*WHAT IS NEEDED*
Exclude all pictures from your copy of the data below, which should otherwise match exactly.

*DATASET SECTION*
┌──
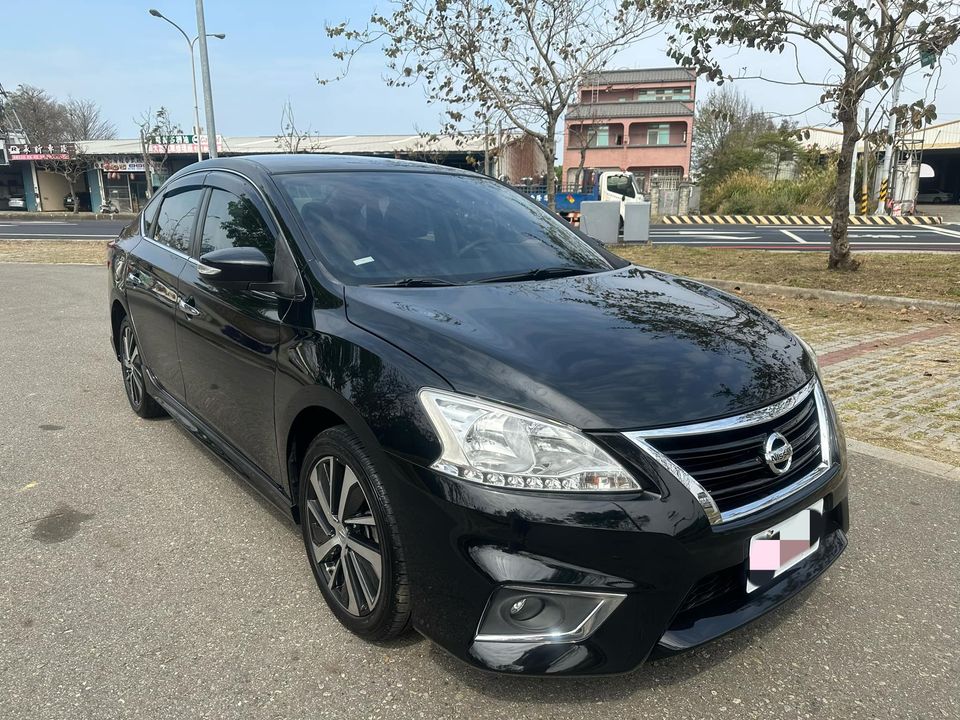 2016 NISSAN SENTRA 1.8L 舒適大空間/免鑰匙/倒車顯影/定速/摸門/電折/空力套件版/0955836122周小姐/LINE：zhen3280612  第1張相片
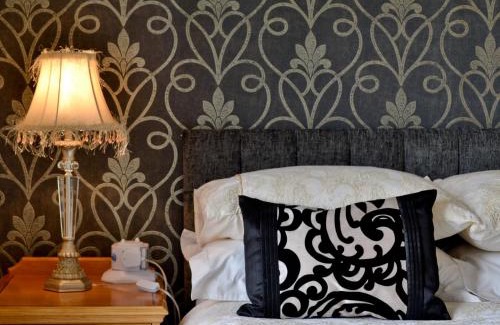 Harlech House | Noddfa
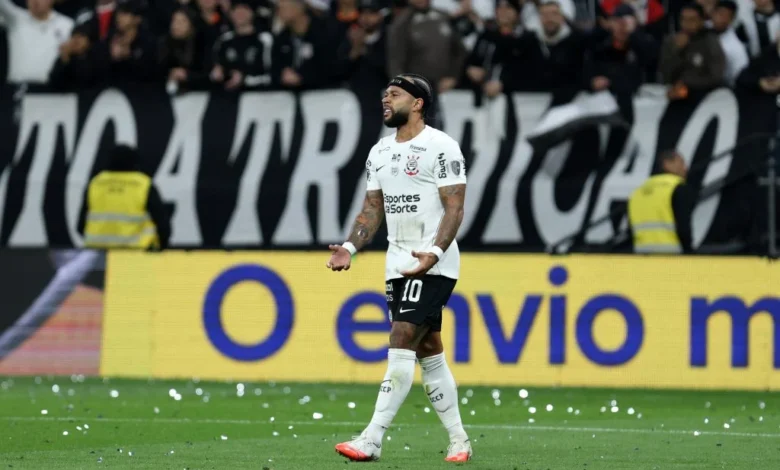 Memphis Depay assume responsabilidade após eliminação do Corinthians na Libertadores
└──
*RESULT FOR THIS EXERCISE*
 2016 NISSAN SENTRA 1.8L 舒適大空間/免鑰匙/倒車顯影/定速/摸門/電折/空力套件版/0955836122周小姐/LINE：zhen3280612  第1張相片
 Harlech House | Noddfa
 Memphis Depay assume responsabilidade após eliminação do Corinthians na Libertadores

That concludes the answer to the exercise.